━━ DATA IN THIS EXERCISE ━━

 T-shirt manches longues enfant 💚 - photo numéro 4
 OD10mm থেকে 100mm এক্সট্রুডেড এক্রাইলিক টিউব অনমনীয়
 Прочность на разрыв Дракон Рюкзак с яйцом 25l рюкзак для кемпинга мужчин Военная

━━━
━━ DATA IN THIS EXERCISE ━━

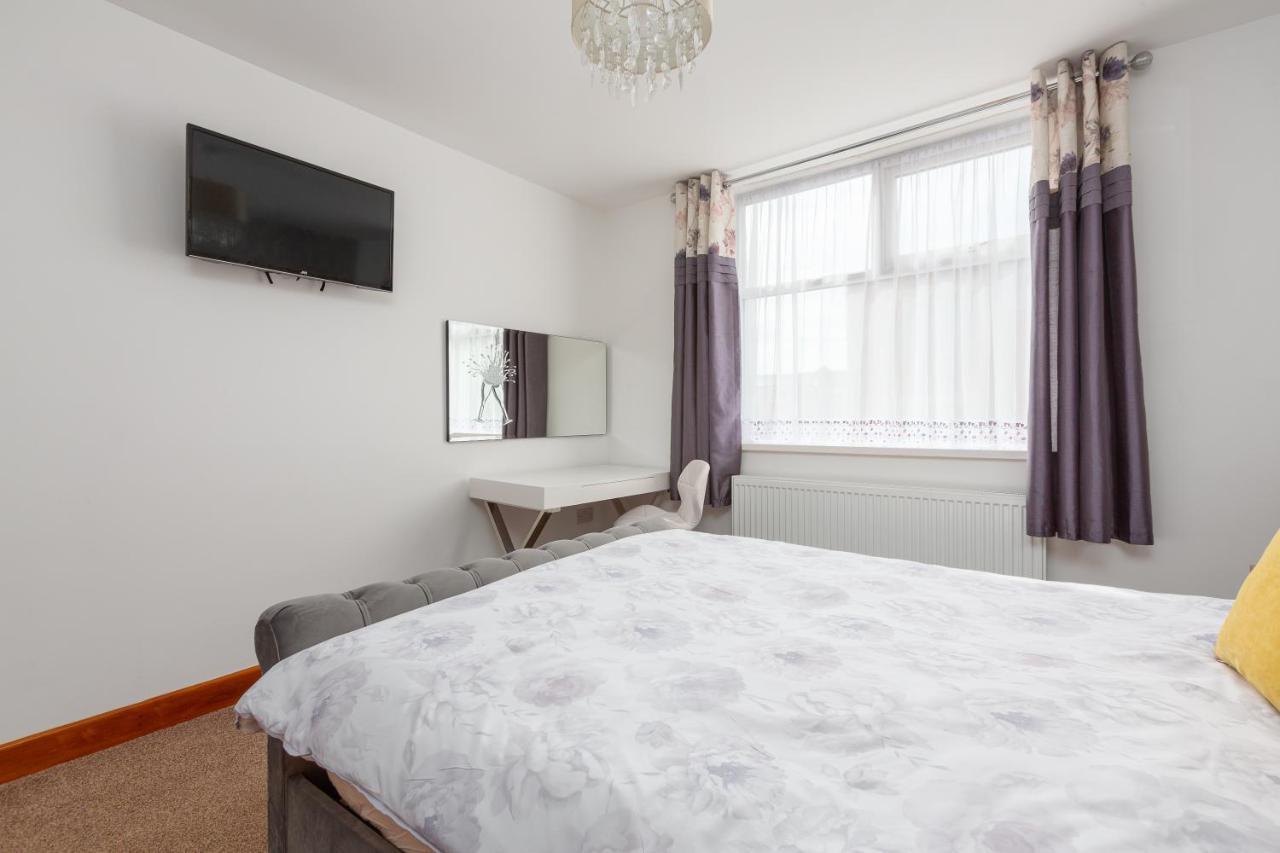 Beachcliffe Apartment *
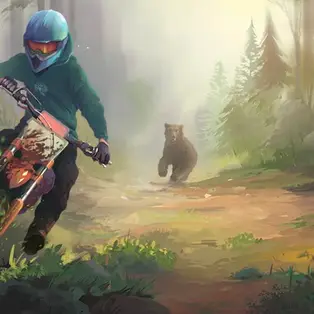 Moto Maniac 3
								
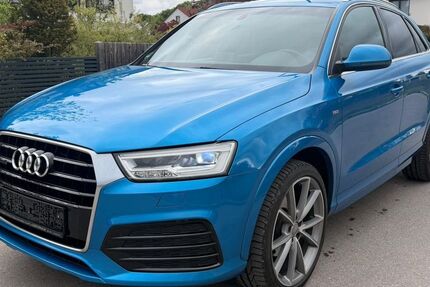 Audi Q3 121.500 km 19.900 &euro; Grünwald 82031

━━━
━━ DATA IN THIS EXERCISE ━━

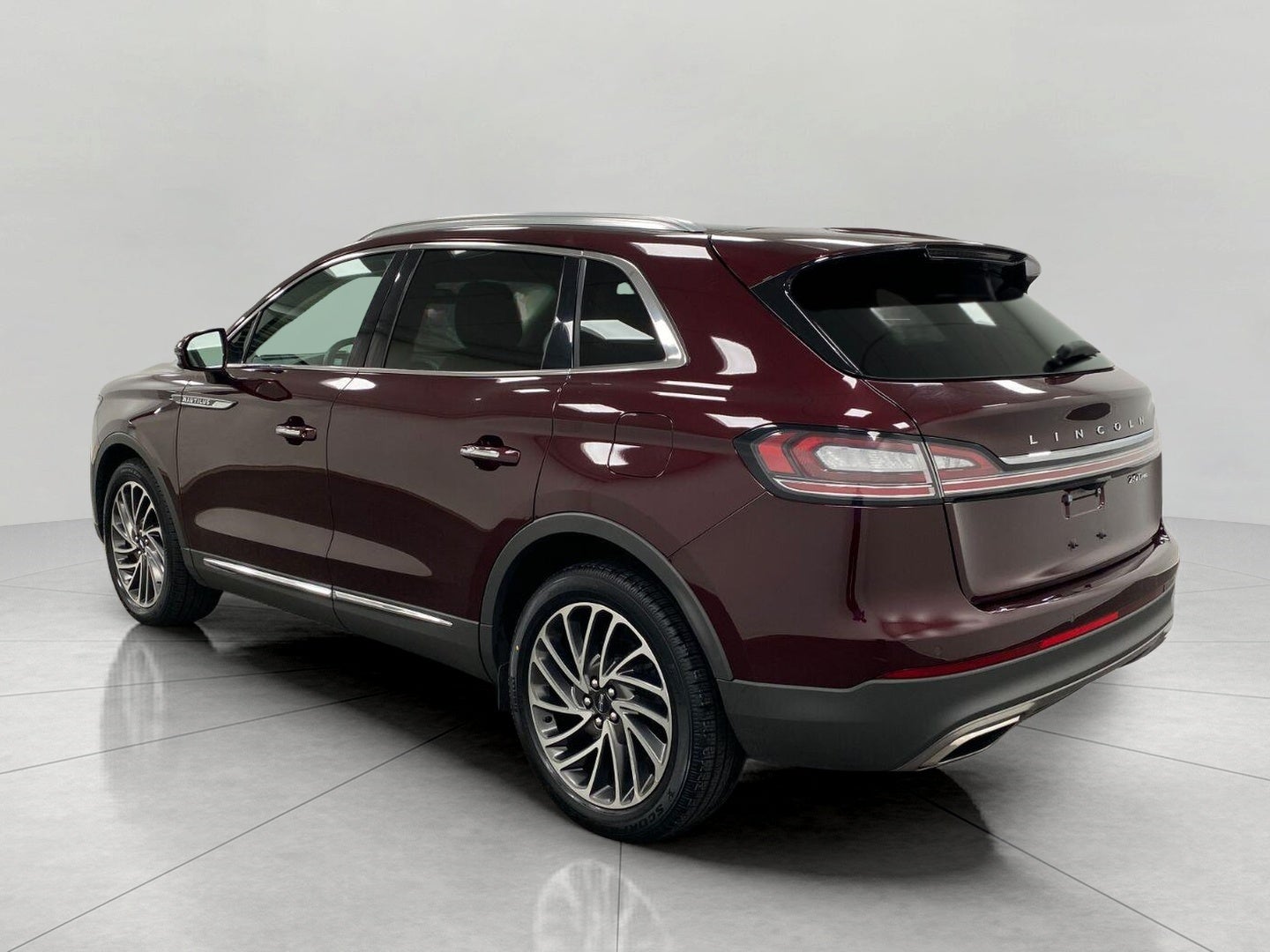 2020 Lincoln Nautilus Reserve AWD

━━━

(INSTRUCTIONS TO FOLLOW)
In the listing above, locate the line containing "T-shirt manches longues" and the line containing "Прочность на разрыв". Extract those two lines and every line between them, exactly as written, and only those.

(EXERCISE RESPONSE)
 T-shirt manches longues enfant 💚 - photo numéro 4
 OD10mm থেকে 100mm এক্সট্রুডেড এক্রাইলিক টিউব অনমনীয়
 Прочность на разрыв Дракон Рюкзак с яйцом 25l рюкзак для кемпинга мужчин Военная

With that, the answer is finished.